8La rencontre a servi d’abord à préciser les échanges nécessaires entre histoire et sciences politiques, en particulier pour l’histoire la plus récente des représentations de la République sous sa Cinquième acception, qui est toujours la nôtre. Les différences d’appréciation se marquent quant à la personnalisation des Mariannes depuis 1958 : des personnes célèbres à d’autres titres (Brigitte Bardot…) se voient attribuer l’honneur d’offrir leur image à la République.

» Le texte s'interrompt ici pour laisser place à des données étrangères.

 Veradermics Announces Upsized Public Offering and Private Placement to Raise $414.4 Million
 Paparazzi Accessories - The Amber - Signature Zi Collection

Faut-il voir là un affaiblissement de l’idée républicaine ou, au contraire une modalité nouvelle d’appropriation « populaire » de l’allégorie ? Ces réflexions pouvant d’ailleurs mener à une chronologie modifiée : 1958, comme nouveau départ de Marianne, après la double transition 1940-1944 et 1944-1958 ?
9L’étude des représentations figurées s’appuie sur une analyse méthodique, visuelle et conceptuelle des images de grande diffusion. Elle suppose en cela un commerce avec les analyses des historiens de l’art qui eux-mêmes hésitent moins désormais à se confronter aux historiens du politique, du symbolique, du genre. Car l’histoire de Marianne est avant tout celle d’une icône féminine de la culture de masse, de la polysémie des symboles, de leur réception et de leur réappropriation, de leur interprétation. Ces images migrent d’une nation à une autre, connaissent des mutations de sens au cœur des transferts culturels. L’histoire du « genre » permet, en parallèle, de revisiter l’histoire physique et sexuée des allégories féminines et masculines.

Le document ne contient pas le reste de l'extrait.